## [YOUR INSTRUCTIONS]
Below, some lines carry pictures; leave those pictures out and retype exactly the lines from the one with "Armoire ouverte pour bébé avec dressing Quax" through the one with "Scania S520 /".

-- EXERCISE INPUTS follows --

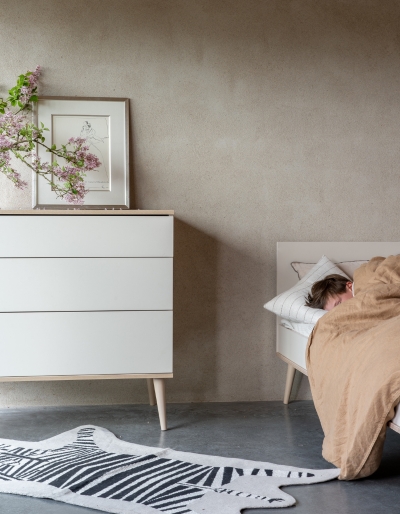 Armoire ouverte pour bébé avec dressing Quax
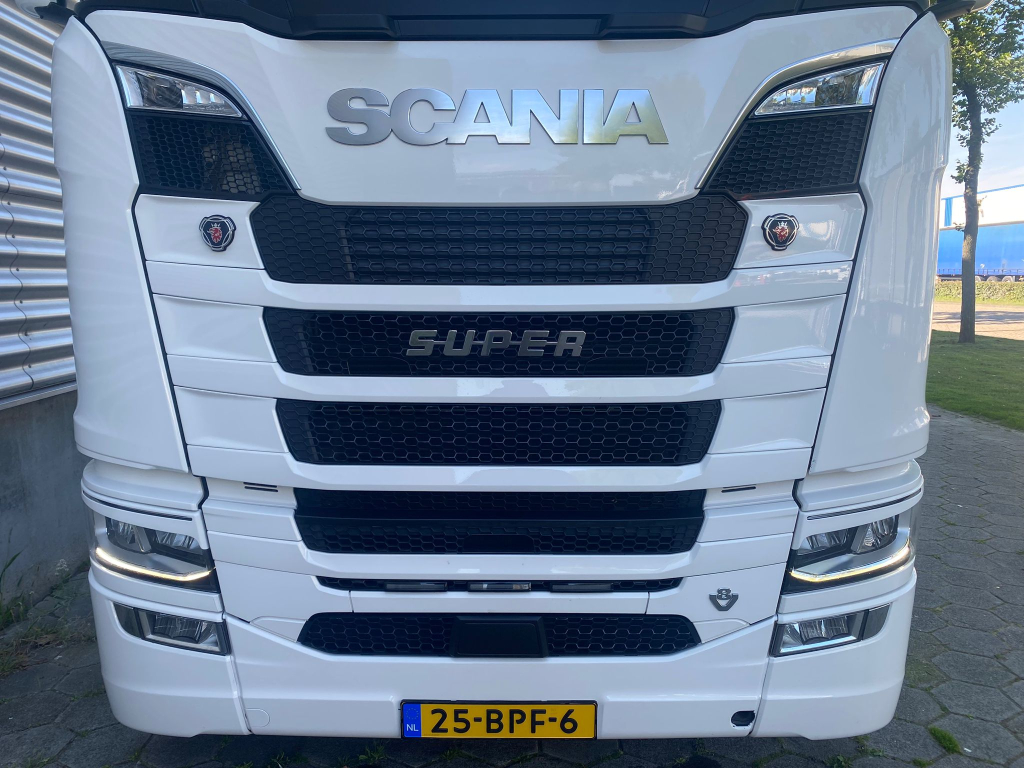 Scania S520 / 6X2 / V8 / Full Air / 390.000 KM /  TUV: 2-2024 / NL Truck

-- EXERCISE INPUTS concluded --
-- EXERCISE INPUTS follows --

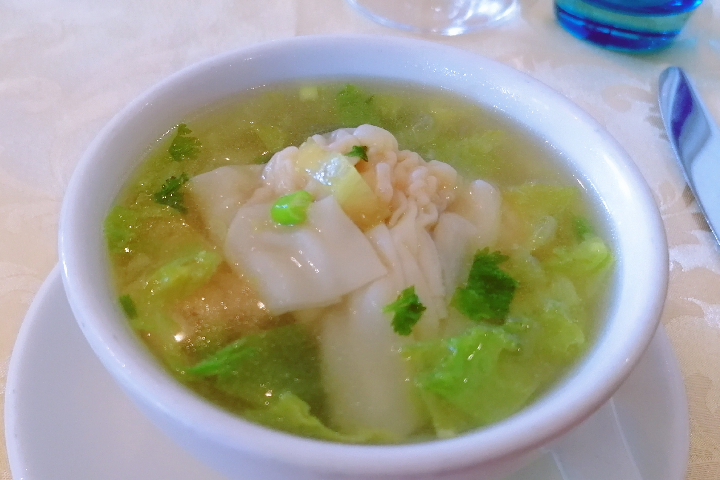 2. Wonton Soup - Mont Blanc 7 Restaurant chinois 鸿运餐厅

-- EXERCISE INPUTS concluded --

## [SOLUTION FOR THIS EXERCISE]
 Armoire ouverte pour bébé avec dressing Quax
 Scania S520 / 6X2 / V8 / Full Air / 390.000 KM /  TUV: 2-2024 / NL Truck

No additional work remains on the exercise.